(GIVEN RECORDS)
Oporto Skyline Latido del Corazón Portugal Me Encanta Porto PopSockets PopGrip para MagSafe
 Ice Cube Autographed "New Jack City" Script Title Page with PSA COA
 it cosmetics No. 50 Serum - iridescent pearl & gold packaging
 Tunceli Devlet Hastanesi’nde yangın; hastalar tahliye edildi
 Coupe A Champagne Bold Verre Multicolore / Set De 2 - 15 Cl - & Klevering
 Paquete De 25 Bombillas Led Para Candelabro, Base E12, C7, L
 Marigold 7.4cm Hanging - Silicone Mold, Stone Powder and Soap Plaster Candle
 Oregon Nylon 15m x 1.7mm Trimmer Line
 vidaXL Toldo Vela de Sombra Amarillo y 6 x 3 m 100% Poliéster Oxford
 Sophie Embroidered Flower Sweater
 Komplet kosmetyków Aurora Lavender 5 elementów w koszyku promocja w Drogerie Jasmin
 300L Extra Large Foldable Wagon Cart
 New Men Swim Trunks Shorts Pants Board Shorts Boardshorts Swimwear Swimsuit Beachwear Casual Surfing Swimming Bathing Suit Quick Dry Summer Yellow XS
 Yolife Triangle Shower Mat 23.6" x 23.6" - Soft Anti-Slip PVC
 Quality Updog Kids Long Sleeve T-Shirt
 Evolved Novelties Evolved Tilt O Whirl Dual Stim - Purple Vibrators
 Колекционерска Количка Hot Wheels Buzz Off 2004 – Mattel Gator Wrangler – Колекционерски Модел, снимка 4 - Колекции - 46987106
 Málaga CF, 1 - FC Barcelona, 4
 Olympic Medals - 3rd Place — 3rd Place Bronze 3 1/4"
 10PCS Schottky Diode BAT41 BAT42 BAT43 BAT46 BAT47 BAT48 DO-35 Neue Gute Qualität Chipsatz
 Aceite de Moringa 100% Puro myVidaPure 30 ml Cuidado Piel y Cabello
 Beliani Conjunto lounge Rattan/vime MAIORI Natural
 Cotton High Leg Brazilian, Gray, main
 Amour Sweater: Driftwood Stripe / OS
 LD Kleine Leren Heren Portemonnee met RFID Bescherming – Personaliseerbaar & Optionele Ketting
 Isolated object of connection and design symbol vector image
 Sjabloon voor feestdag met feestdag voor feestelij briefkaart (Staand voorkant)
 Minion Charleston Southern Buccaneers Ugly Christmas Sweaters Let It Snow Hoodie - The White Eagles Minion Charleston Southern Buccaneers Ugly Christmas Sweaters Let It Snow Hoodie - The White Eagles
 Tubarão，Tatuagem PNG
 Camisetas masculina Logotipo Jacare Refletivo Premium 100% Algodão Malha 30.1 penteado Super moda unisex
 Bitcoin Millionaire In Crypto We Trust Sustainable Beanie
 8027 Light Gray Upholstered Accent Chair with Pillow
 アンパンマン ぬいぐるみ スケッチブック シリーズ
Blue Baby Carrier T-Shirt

(YOUR INSTRUCTIONS) Nothing but the lines above from the one containing "300L Extra Large Foldable Wagon Cart" through the one containing "Yolife Triangle Shower" should appear in the answer, each repeated exactly.

(SOLUTION TO THIS EXERCISE)
 300L Extra Large Foldable Wagon Cart
 New Men Swim Trunks Shorts Pants Board Shorts Boardshorts Swimwear Swimsuit Beachwear Casual Surfing Swimming Bathing Suit Quick Dry Summer Yellow XS
 Yolife Triangle Shower Mat 23.6" x 23.6" - Soft Anti-Slip PVC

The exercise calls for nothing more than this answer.